- _Data supplied_

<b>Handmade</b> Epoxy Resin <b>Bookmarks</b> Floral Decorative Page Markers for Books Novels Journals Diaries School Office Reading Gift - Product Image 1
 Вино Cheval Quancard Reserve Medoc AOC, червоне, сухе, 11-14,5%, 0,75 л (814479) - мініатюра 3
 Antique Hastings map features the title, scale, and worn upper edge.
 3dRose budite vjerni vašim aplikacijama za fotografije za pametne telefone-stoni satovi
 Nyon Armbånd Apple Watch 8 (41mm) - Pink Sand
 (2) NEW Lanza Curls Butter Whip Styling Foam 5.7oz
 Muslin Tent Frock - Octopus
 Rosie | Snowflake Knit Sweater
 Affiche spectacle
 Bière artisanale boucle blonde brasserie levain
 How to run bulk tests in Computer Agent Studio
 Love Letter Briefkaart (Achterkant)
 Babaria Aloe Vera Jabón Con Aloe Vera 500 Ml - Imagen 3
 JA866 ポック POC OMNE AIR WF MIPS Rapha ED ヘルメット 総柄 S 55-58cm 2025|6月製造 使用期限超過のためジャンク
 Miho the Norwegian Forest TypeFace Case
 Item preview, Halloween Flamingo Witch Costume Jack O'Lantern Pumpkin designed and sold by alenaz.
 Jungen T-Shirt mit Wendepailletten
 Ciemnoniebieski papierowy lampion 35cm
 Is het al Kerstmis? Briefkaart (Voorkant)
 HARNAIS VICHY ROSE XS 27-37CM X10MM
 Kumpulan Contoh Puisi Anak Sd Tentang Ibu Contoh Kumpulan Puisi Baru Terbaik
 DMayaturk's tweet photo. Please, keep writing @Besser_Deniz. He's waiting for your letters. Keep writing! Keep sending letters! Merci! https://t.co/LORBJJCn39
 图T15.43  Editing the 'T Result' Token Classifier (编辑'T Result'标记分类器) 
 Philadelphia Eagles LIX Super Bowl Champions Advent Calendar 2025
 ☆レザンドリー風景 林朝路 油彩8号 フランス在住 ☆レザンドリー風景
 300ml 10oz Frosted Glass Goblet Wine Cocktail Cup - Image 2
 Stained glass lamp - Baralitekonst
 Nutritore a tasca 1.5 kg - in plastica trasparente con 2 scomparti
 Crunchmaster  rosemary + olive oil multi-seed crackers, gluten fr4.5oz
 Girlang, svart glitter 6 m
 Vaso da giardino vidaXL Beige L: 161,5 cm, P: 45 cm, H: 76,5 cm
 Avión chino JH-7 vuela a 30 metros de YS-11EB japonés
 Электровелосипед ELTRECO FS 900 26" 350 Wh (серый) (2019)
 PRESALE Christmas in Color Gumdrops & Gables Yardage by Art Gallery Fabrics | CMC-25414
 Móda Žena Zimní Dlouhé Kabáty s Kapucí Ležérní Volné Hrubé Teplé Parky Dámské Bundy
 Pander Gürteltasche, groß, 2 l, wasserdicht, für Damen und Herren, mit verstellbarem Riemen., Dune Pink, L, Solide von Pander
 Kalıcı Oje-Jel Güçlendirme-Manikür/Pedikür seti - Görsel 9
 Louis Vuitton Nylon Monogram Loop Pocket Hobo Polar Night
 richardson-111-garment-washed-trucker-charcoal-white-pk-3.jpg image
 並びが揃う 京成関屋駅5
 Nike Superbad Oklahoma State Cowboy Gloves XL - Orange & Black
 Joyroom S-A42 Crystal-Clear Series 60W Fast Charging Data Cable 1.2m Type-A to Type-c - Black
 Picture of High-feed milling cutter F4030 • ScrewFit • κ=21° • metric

- _Problem to solve_
What you output must match the lines from the beginning of the material through the line with "Antique Hastings map" exactly, both ends included.

- _Solved problem_
<b>Handmade</b> Epoxy Resin <b>Bookmarks</b> Floral Decorative Page Markers for Books Novels Journals Diaries School Office Reading Gift - Product Image 1
 Вино Cheval Quancard Reserve Medoc AOC, червоне, сухе, 11-14,5%, 0,75 л (814479) - мініатюра 3
 Antique Hastings map features the title, scale, and worn upper edge.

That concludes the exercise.